The three options: LangGraph (explicit typed state, checkpointing, interrupt semantics, production-grade); CrewAI (agent-role abstraction, task delegation, zero checkpointing, good for prototypes with < 5 sequential steps); hand-written asyncio state machine (maximum control, zero magic, requires implementing checkpointing yourself, justified when LangGraph's abstractions add more friction than value). For DealLens — multi-step, external writes, requires audit trail, requires human review — LangGraph is the correct choice. For a quick 3-step retrieval pipeline without external writes, CrewAI is adequate. For a system with unusual parallelism patterns or a team that finds LangGraph's graph API confusing, hand-written asyncio with a Redis state store is a legitimate option.

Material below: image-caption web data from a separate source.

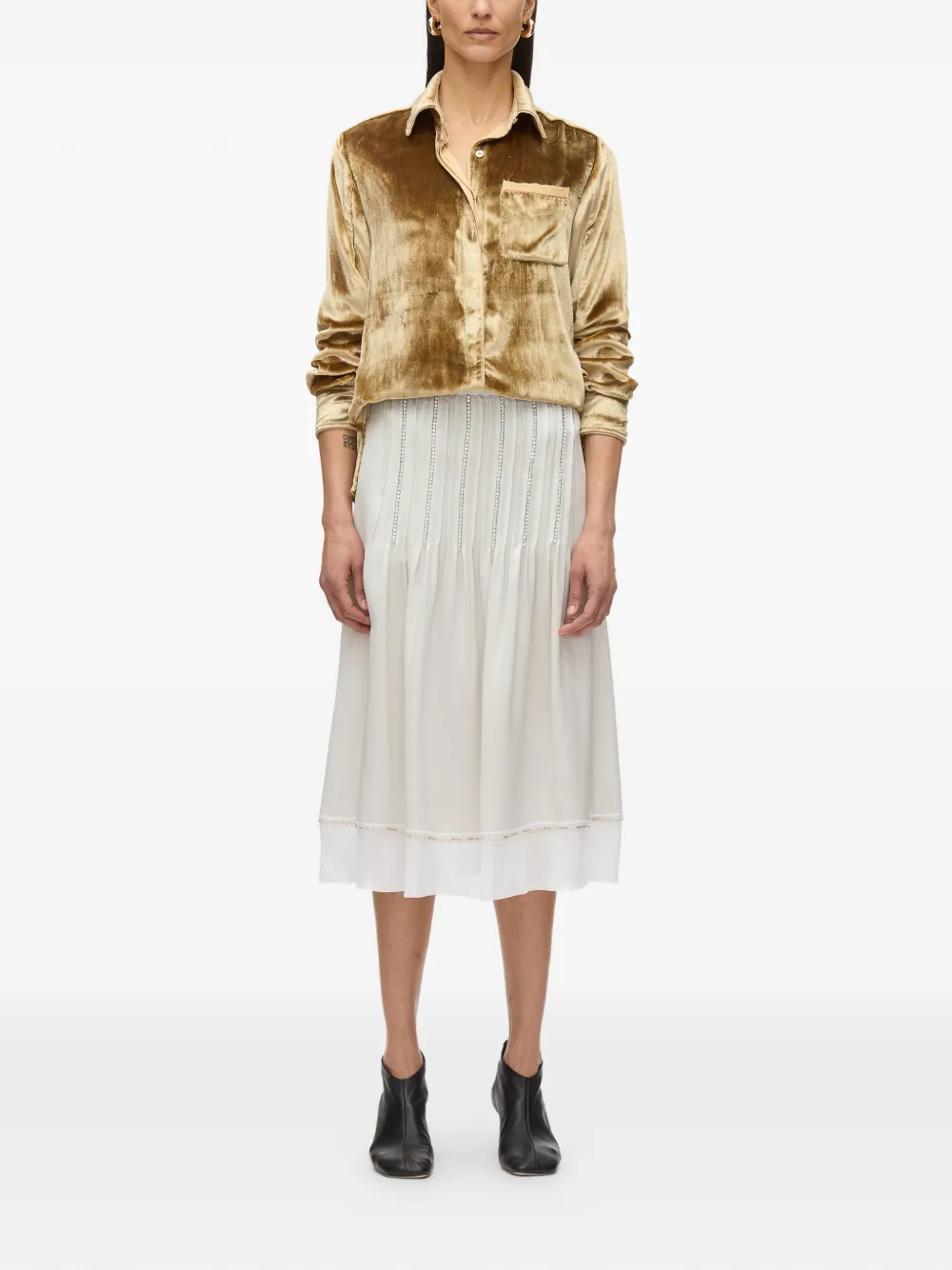 3.1 Phillip Lim Satijnen onderrok verfraaid met kristallen Beige
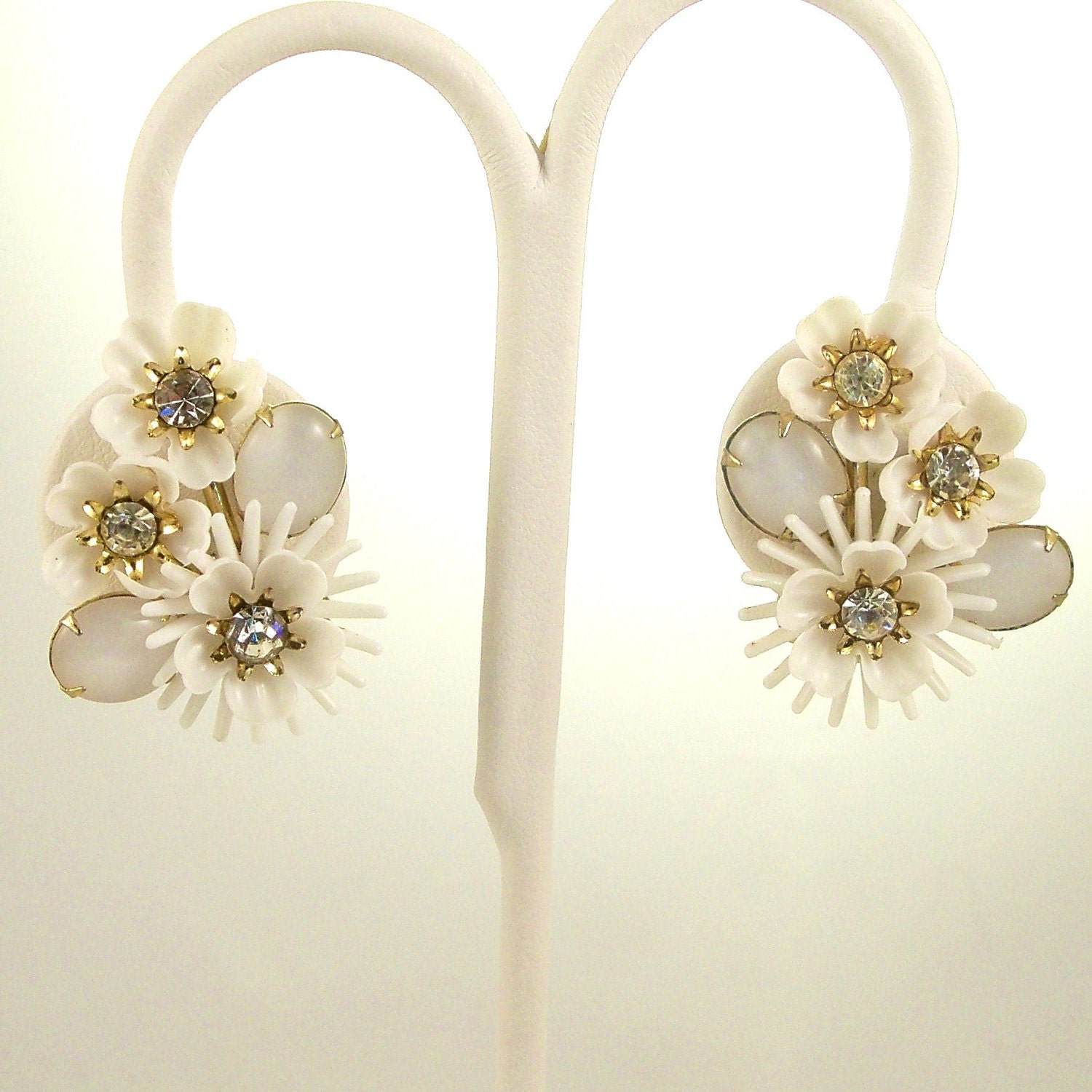 Vintage 1960s Earrings Mad Men Rhinestone Coro Flowers Clip Ons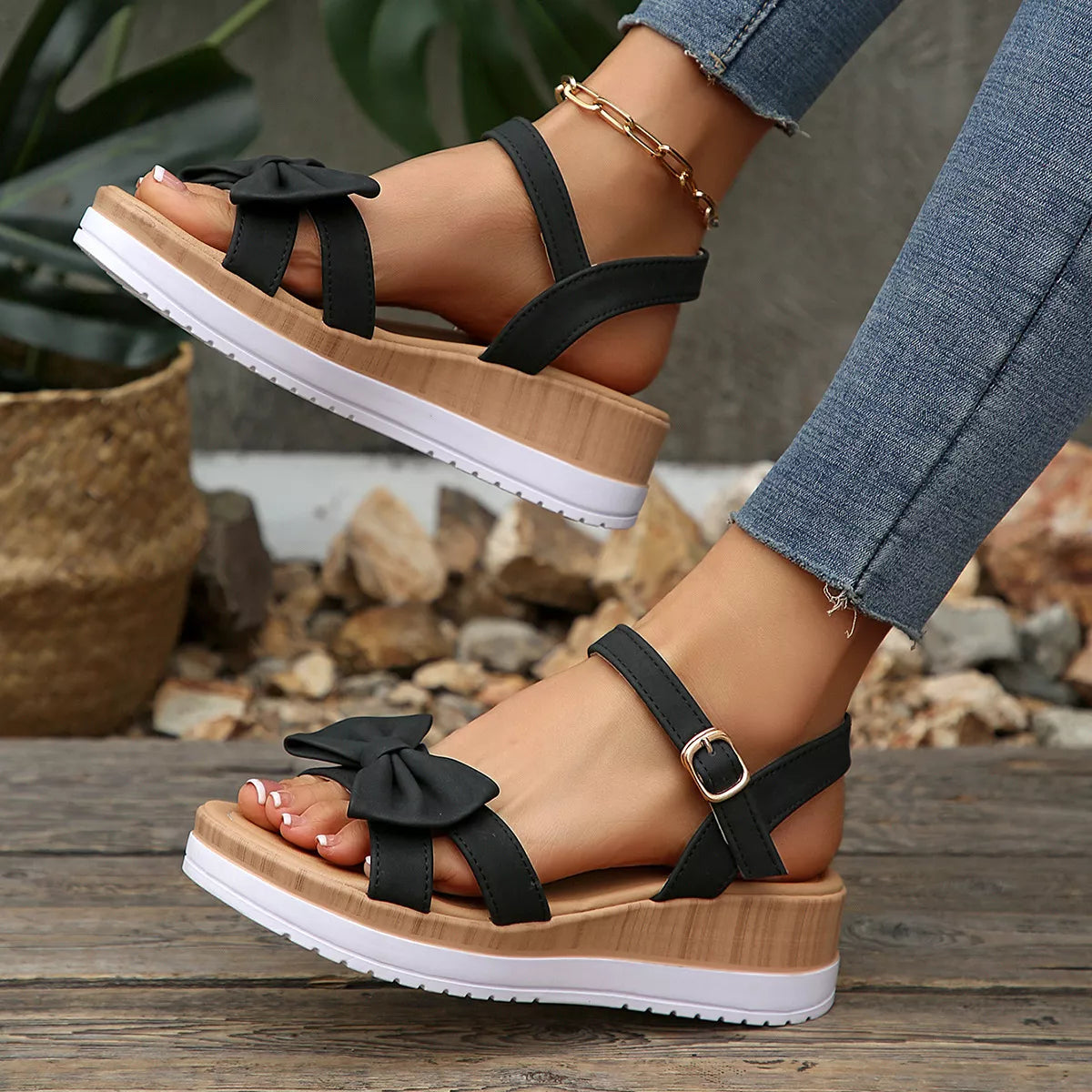 Bow Open Toe Wedge Sandals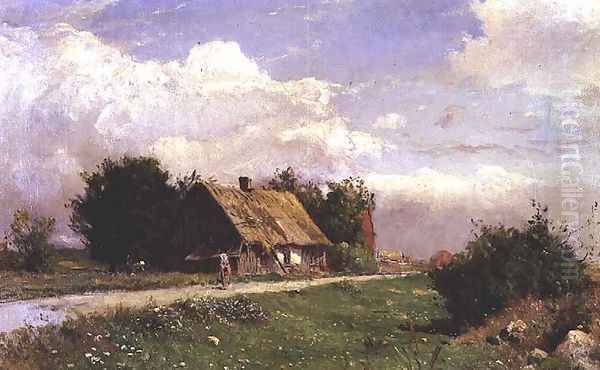 A wooded landscape with figures by a cottage - view 1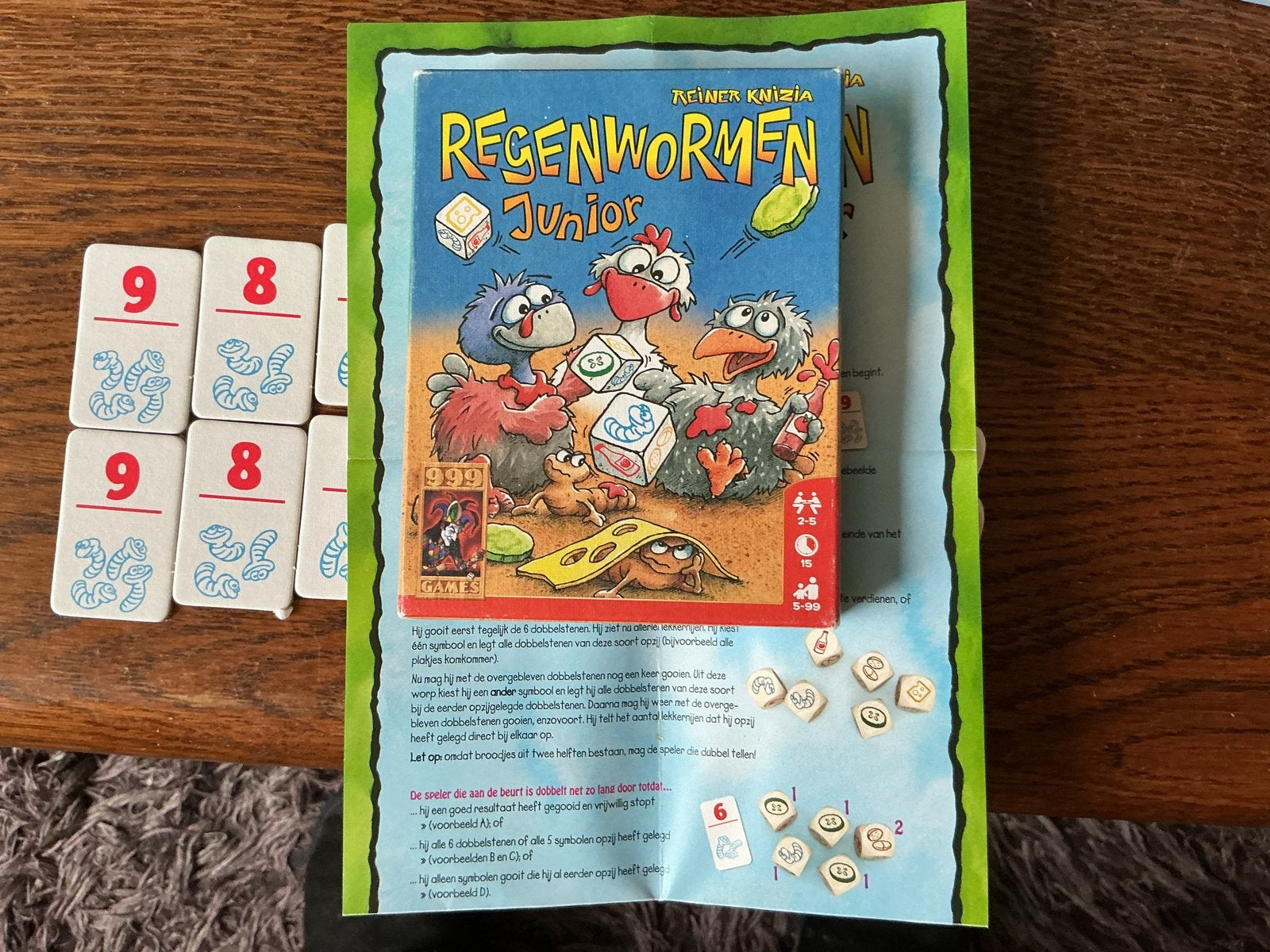 Regenwormen Junior - Leuk dobbelspel voor kinderen, Drie of vier spelers, Ophalen of Verzenden, Gebruikt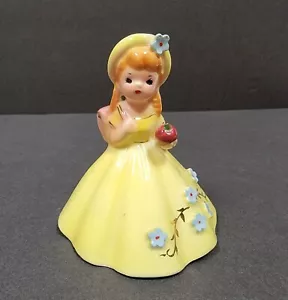 Vintage Josef Originals School Belle Girl Bell Figurine Yellow Dress Blue Flower - Picture 1 of 8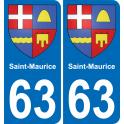 63 Saint-Maurice escudo de armas de la etiqueta engomada de la placa de pegatinas de la ciudad
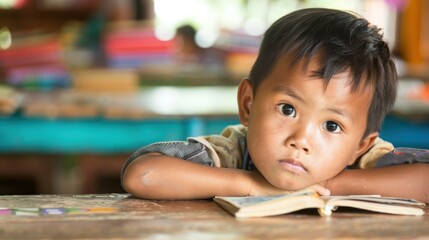 A Laotian child studying in a classroom, eager to learn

The common mistake: choosing LangGraph because it is popular, then fighting its state model and adding complexity by working around it. If your flow is a DAG with no cycles, no human-in-the-loop, and no external writes, a LangChain chain or a simple async function is sufficient. LangGraph's value is specifically in its loop support (nodes can route back to prior nodes), its interrupt semantics, and its checkpoint persistence. Use those features or use something simpler.

The humanoid task planner as a state machine

The JHU humanoid's high-level planner is structurally identical to DealLens's screening flow: a state machine where nodes execute perception, planning, tool-calling, and action steps, with interrupt points before any irreversible physical action. The state contains the current task goal, the scene understanding, the sequence of planned actions, and the action execution history. Each node reads the state, performs its function (query the LLM, call an MCP tool, issue a robot command), and writes its output back. On a safety violation (joint limit breach, unexpected contact force), the safety-filter node writes an interrupt flag and execution pauses for human review.

The key difference from DealLens: the humanoid planner runs in a real-time loop at ~1–5 Hz for task planning (not the 50 Hz inner control loop, which is handled by GR00T's DiT or SmolVLA directly). LangGraph's asyncio backend supports this loop execution pattern — the graph can contain a cycle from the action node back to the perception node, enabling continuous replanning. The checkpoint frequency must be tuned: checkpointing after every 1-second planning step adds 10–50ms of state-serialization overhead, which is acceptable; checkpointing after every 20ms control step is not.

No tool use should be irreversible without an interrupt

This is not a LangGraph feature — it is an architectural law for production agentic systems. If your agent can send an email, post to Slack, or write to a database without a human-confirmable interrupt point, you will eventually send the wrong thing to the wrong person at the wrong time.

DealLens LangGraph State MachineSTARTdeal_id → stateretrieve→ retrieved_chunksscore→ scoredraft-memo→ memo_draftinterrupt()human reviewsend-emailirreversible actionrejectscore < thresholdscore < θ
Figure 22.1DealLens deal-screening state machine: retrieve → score → conditional edge (reject if score below threshold, draft-memo otherwise) → interrupt() for human review → send-email. Each node writes to typed state; checkpointer persists after each node.
Retrieve before you continue

Three questions on what you just read

Q1 Factual What does LangGraph's checkpointer do and what are the production storage options?
Q2 Conceptual Why is the chain abstraction (linear sequence of LLM calls) insufficient for production agentic systems that write to external services?
Q3 Synthetic Design the LangGraph state machine for DealLens: what are the nodes, edges, interrupt points, and what state fields does the TypedDict contain?